Former US Secretary of State Leon Panetta could be considered as having spoken for the US Right when he said in an interview with a section of the international media that the prime responsibility of a US administration is to protect American lives anywhere. He said that although it is true that it was the Trump administration that initiated talks with the Taliban and finalized a withdrawal of US troops from Afghanistan, it was up to the Biden administration to ensure that the withdrawal was effected with utmost care and judiciously. It should have been sparing of US and other lives and should have had its focus on upholding the honour and dignity of the US. However, the Biden-supervised withdrawal did none of this and compromised the standing of the US in the world community.

While such charges could be considered as integral to the usual politicking between the principal political parties of the US, there are policy issues in these arguments and counter-arguments that should not be allowed to pass unnoticed by the analyst. One is the question of the US’s standing as a world power and its reputation. Although not elaborated on by Panetta, besides the botched nature of the recent US troop withdrawal, what is also at issue here is a decision by the US to withdraw militarily from a theatre of conflict that is central to the stability of the South and South West Asian regions. Currently, US Secretary of State Antony Blinken is taking a considerable amount of the flak as well for the US’s seeming blunder in South West Asia.

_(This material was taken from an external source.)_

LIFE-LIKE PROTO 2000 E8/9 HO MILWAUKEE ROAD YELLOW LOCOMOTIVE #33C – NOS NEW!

Afghanistan was coveted by almost all the principal powers of the modern world over the decades. First it was Britain in imperial times, followed by Russia and the US. As indicated in this column on previous occasions it is the central strategic location of Afghanistan that accounts for this unusual interest in the country on the part of the major powers.

Simply put, Afghanistan is at the geographical cross roads to a number of the world’s foremost states: China, Russia, Iran, India, Pakistan and a score of Central Asian states that define the contours of the current international political order. Besides, Afghanistan is resource-rich and would prove a treasure trove for those powers that are intent on being on a growth fast track.

Accordingly, what is the message that the Biden administration would be sending to the US and the world through its troop withdrawal? The administration is indicating that it is beating a hasty retreat from a highly coveted prize in South Asia and that it is tamely allowing the US’s rivals, such as China and Russia, to occupy centre stage in Afghanistan. This amounts to a foreign policy defeat for the US.

No doubt, there are potential political costs for the Biden administration through this decision. But there has occurred a seemingly curious US decision in another region of strategic and economic interest to most major powers, while all this is happening in South Asia. That is the US decision to remove its missile defence systems in Saudi Arabia; its strategic partner in the Middle East and the Gulf.

This move by the US amounts to leaving its ally Saudi Arabia vulnerable to attack by its rivals for power in the region. But the decision by the US was a shrewdly calculated one that took into consideration its economic and security interests. The measure indicates that the Gulf and the Middle East are of waning interest to the US. Like Afghanistan they are arenas of chronic and wasting conflict that would not serve the US’s best interests in the long run.

Instead, the US would prefer to bolster its military and economic presence in the Asia-Pacific region. This is taking the Barrack Obama thinking of having a “Pivot to Asia” to its logical conclusion. The Asia-Pacific, which is home to ASEAN, is pivotal to world economic growth and the US would rather better its economic prospects there rather than engage in unending wars in other parts of the world.

Thus, the US, the so-called mightiest democracy, trying to showcase liberal values, runs the risk of being seen as having betrayed a suffering Southern country in the form of Afghanistan and of leaving it in the hands of an intolerant fundamentalist outfit that has no qualms in resorting to terror. Besides, it could be seen as tamely giving way to China and Russia in Afghanistan.